Information provided -

++++++++++++++++++++

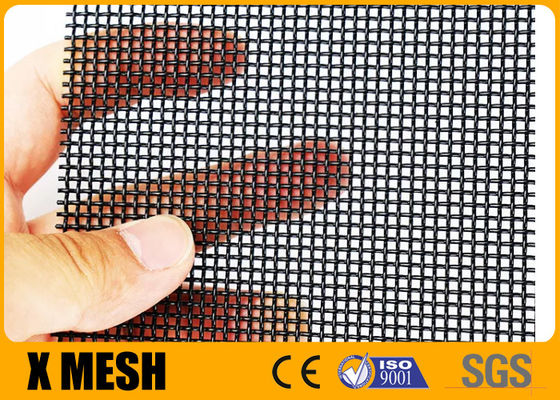 Security Bullet Proof Fly Screen Mesh 316l Stainless Steel For Window Doors
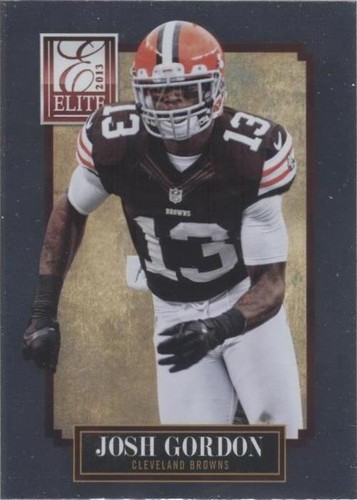 2013 Panini Elite Josh Gordon #25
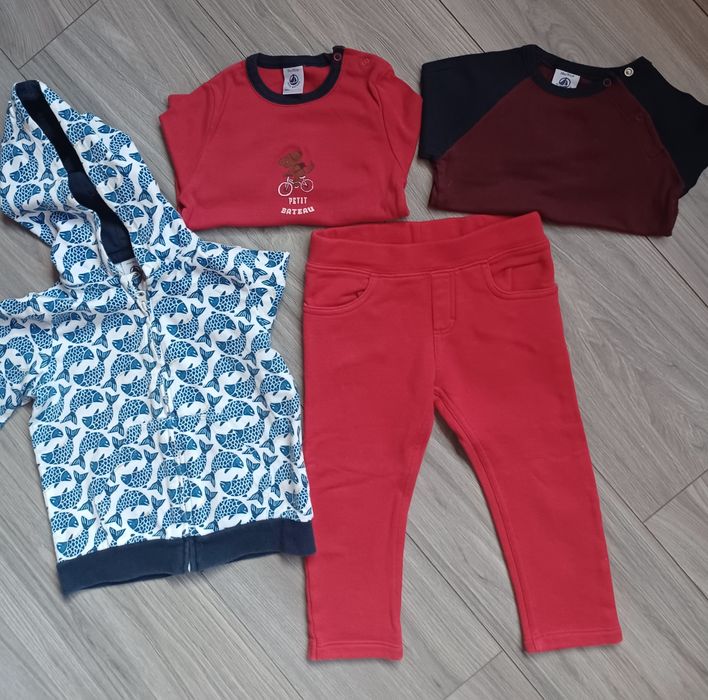Set trening  Petit bateau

++++++++++++++++++++

Task instructions -
Leave out the pictures and print every line of the data exactly.

Response to this task -
 Security Bullet Proof Fly Screen Mesh 316l Stainless Steel For Window Doors
 2013 Panini Elite Josh Gordon #25
Set trening  Petit bateau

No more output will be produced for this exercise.